A young man is standing at the end of the lane, which stretches now into a deeper forest. He had sandy hair and green eyes and a shy, secret smile, and Rina knows him well. She runs down the lane towards him, and he sweeps her up into a hug.

"Come with me," he says, and Rina hesitates. She remembers the bottle in her pocket, and the thing she is fighting. In Radagast, they don't know the name depression.

But neither can they defeat it. "Stay with me," Rina counters, taking the page-boy's hands and pulling him back down the lane. "For a little while, at least. Come see what things are like here."

The page-boy wasn't expecting this, Rina can tell. "I painted a picture of you," she tells him, and his hands tighten on hers, an old familiar pressure. "Let me show it to you."

And he does.

Date: 2011-01-18 06:06 am (UTC)
arliss: (Default)
From: [personal profile] arliss
Holli, your stories always seem to me so all-of-a-piece. It's hard to pinpoint one element that might be weak or awkward because nothing stands out that way.

The back-and-forth in time was just a tiny bit confusing, but I think that helps put the reader more closely into a sympathetic headspace with Rina.

I love this. I can't think of anything that would improve it.

Date: 2011-01-18 02:39 pm (UTC)
hradzka: Cassidy, from Garth Ennis's PREACHER. (Default)
From: [personal profile] hradzka
My problem is that this reads to me a bit like a "here's an idea, the end," a gimmick for a story rather than a complete tale and itself. It's not so much the back-and-forth that's the problem as that the story doesn't really have a clear thrust.

Is it that Rina's applying the magic-world logic (power of true names) to a real-world problem (depression)? One problem with this is that the power of true names has little effect on her adventures in the fairy kingdom, so we're told about it rather than shown it; it's set-up with no pay-off.

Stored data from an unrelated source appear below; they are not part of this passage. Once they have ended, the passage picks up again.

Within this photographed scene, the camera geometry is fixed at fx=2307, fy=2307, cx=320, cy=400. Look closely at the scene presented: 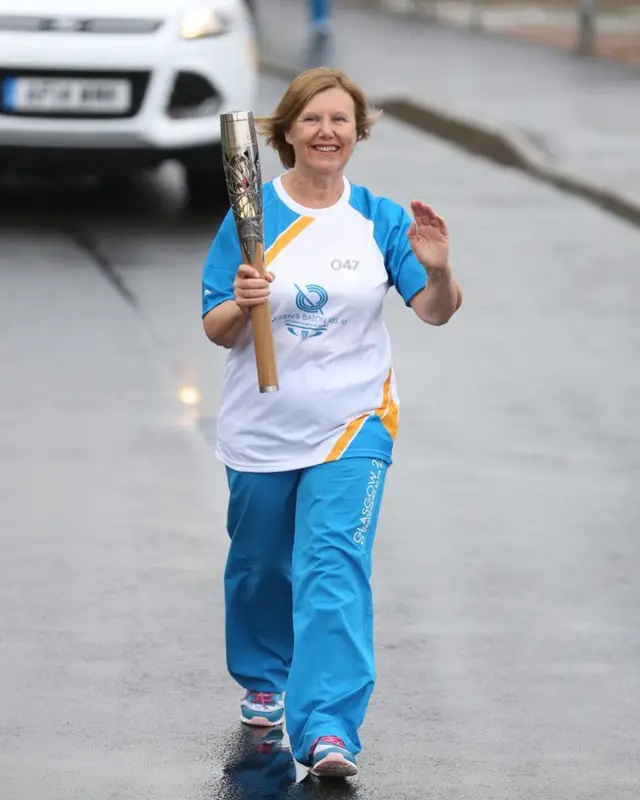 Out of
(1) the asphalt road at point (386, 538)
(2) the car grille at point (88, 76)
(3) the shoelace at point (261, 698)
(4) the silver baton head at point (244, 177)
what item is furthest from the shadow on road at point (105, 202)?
(4) the silver baton head at point (244, 177)

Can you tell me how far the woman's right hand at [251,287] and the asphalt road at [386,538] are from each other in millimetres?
1103

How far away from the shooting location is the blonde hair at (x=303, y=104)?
5.42 metres

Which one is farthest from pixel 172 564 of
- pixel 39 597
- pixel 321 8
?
pixel 321 8

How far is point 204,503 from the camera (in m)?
7.75

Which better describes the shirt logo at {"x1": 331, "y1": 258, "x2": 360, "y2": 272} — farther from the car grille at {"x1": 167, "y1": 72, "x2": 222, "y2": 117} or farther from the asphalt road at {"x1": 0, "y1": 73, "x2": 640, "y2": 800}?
the car grille at {"x1": 167, "y1": 72, "x2": 222, "y2": 117}

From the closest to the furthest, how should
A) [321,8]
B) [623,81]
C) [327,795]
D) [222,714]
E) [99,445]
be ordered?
1. [327,795]
2. [222,714]
3. [99,445]
4. [623,81]
5. [321,8]

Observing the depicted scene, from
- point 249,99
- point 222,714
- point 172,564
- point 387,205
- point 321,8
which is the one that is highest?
point 387,205

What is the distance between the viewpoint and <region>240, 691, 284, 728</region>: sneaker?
570cm

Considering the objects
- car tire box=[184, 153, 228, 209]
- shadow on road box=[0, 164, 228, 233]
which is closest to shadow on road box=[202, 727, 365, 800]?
shadow on road box=[0, 164, 228, 233]

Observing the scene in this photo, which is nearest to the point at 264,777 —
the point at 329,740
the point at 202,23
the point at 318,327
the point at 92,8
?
the point at 329,740

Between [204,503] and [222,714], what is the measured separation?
79.2 inches

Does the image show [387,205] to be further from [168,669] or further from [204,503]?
[204,503]

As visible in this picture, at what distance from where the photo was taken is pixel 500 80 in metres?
20.9

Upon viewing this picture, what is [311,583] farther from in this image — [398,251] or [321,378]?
[398,251]
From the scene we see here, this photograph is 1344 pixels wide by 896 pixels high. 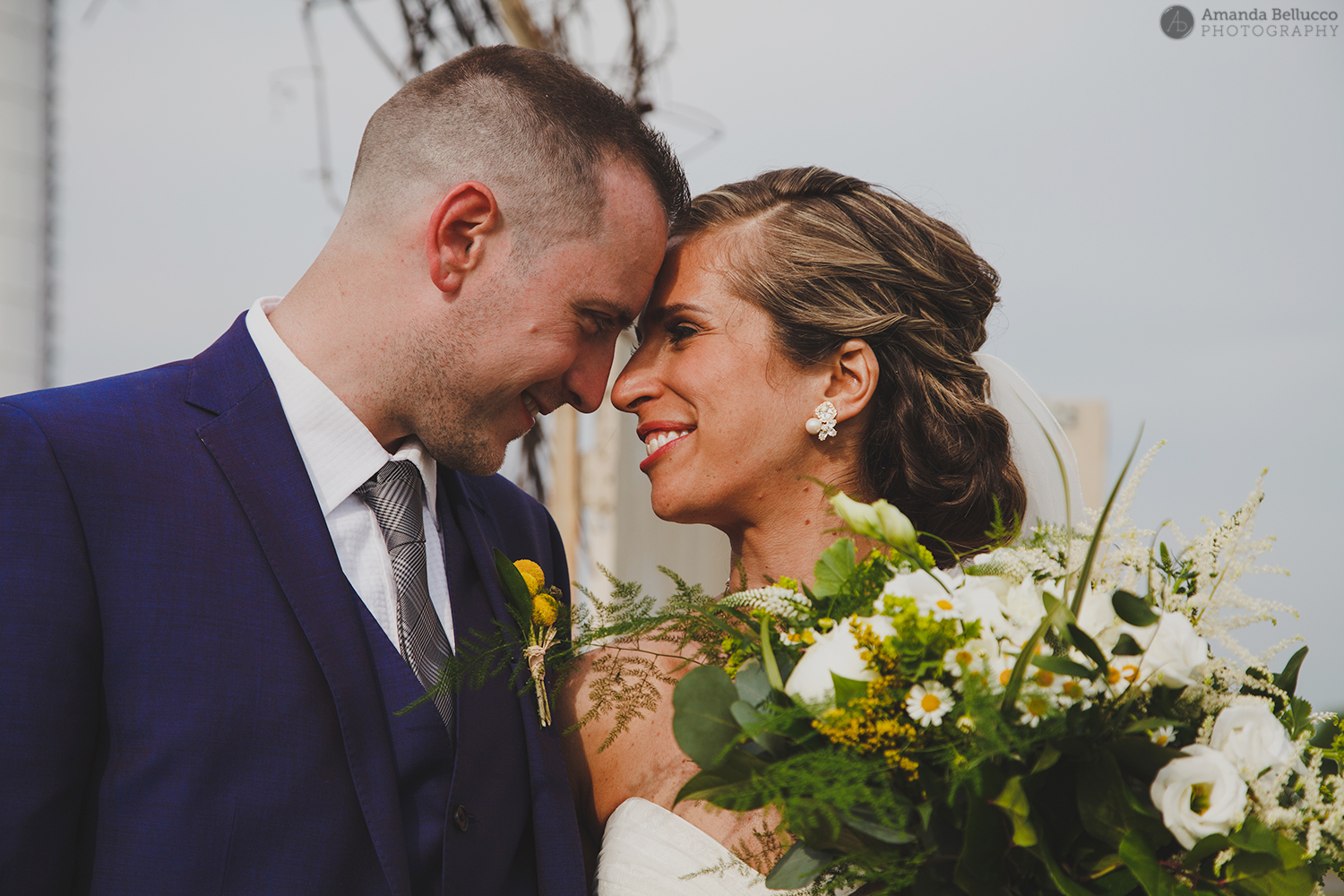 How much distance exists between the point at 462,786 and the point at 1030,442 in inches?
73.6

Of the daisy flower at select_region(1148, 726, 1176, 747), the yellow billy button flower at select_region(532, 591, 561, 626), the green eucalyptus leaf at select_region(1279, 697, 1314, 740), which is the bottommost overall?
the yellow billy button flower at select_region(532, 591, 561, 626)

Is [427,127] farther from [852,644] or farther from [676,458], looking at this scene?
[852,644]

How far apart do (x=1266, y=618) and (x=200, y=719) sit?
1643mm

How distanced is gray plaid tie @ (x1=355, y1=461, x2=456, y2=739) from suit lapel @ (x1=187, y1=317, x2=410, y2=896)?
99 millimetres

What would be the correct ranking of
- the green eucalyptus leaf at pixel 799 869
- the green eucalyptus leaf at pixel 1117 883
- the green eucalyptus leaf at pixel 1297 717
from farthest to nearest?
the green eucalyptus leaf at pixel 1297 717 → the green eucalyptus leaf at pixel 799 869 → the green eucalyptus leaf at pixel 1117 883

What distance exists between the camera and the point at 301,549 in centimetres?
170

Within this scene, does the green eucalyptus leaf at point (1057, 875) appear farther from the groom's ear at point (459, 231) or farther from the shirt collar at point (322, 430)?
the groom's ear at point (459, 231)

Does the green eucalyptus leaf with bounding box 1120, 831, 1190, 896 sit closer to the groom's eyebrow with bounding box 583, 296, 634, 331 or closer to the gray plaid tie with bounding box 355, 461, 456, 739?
the gray plaid tie with bounding box 355, 461, 456, 739

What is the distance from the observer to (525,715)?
191 cm

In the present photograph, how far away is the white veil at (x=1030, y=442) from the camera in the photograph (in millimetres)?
2635

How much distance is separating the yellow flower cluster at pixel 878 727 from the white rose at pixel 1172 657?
0.33 metres

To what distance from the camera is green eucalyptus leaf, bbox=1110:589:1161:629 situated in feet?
3.99
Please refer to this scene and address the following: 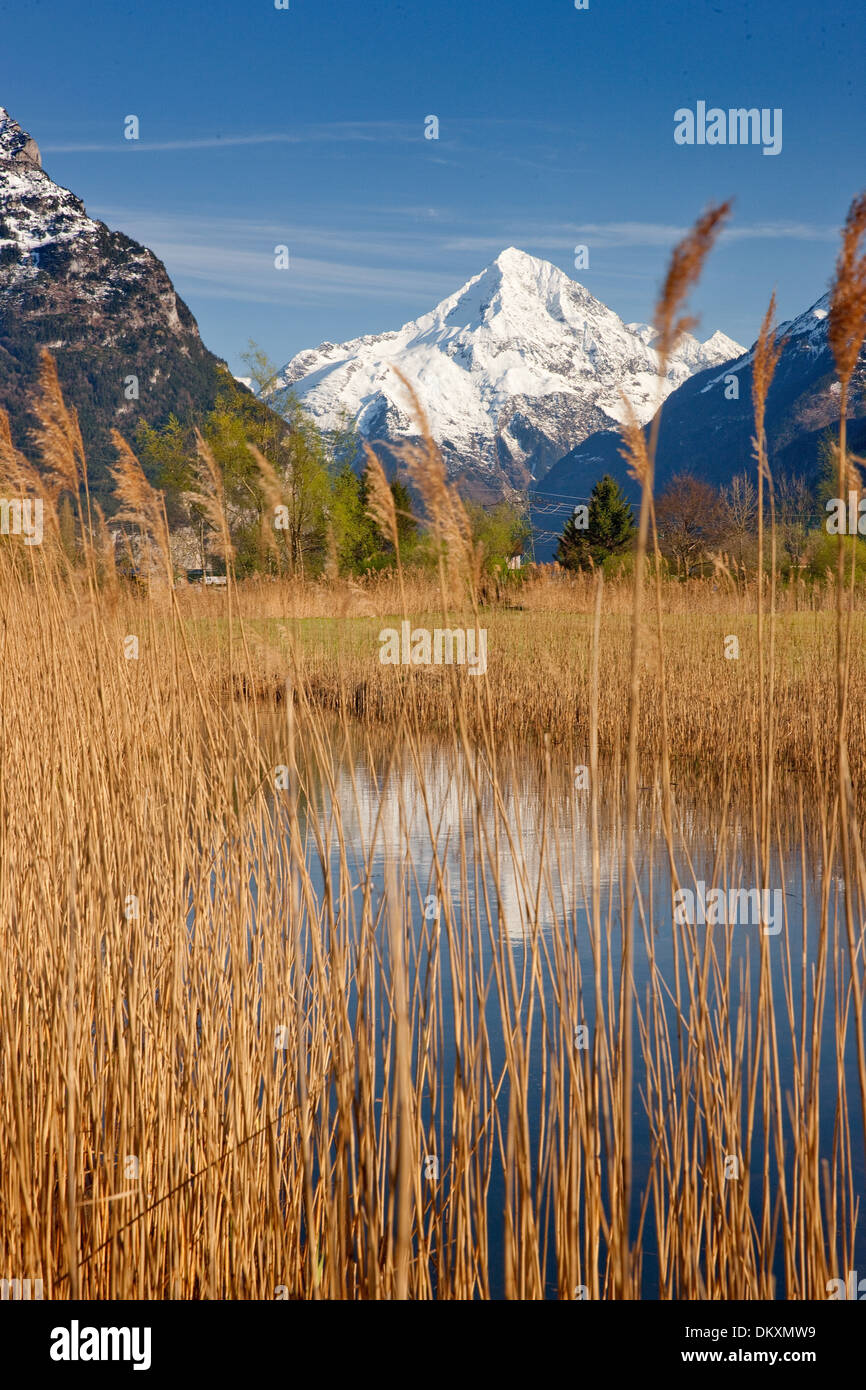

Is it that Rina finds there are limitations to true names' powers? Naming depression doesn't give you power over it, after all; it's what you do once you name it. This is somewhat undermined, as I said, by the fact that nobody actually *uses* true names for effect in the fantasy world during the story.

There is a difference, I think, in your story if Rina is having mental health issues due to brain chemistry or outside effect. If she is dealing with having had and accomplished a goal and now having no direction, that's one kind of depression; if her depression rises from other causes, that mandates a different sort of action.

One way or another, it just doesn't come together for me at this point. I think you may need to make it more of one piece by thematically tying together the quest accomplished and the more confusing, directionless quest of the outside world.

Date: 2011-01-18 03:30 pm (UTC)
ambyr: pebbles arranged in a spiral on sand (nature sculpture by Andy Goldsworthy) (Pebbles)
From: [personal profile] ambyr
I really liked this. Perfect ending, especially. And I loved the imagery, especially these lines:

and one day he had stood before the assembled Parliament and turned them all to apple-tree saplings with a wave of his hand. "We planted them, of course; they started bearing fruit last year," the Lady said.

And the sound, the sound Rina does not think she will ever, ever shake: the tiny click-click of the old woman's tears, which turned to small clear stones as they dripped off her chin and the end of her nose.

The tears-turned-into-earrings does a lot to anchor the real world with the fairy tale, for me.

My only concrit is that you have both "now Rina is nineteen" and "Rina turned nineteen, not long ago," which seems a bit redundant unless the repetition is meant to stress something significant about that specific age.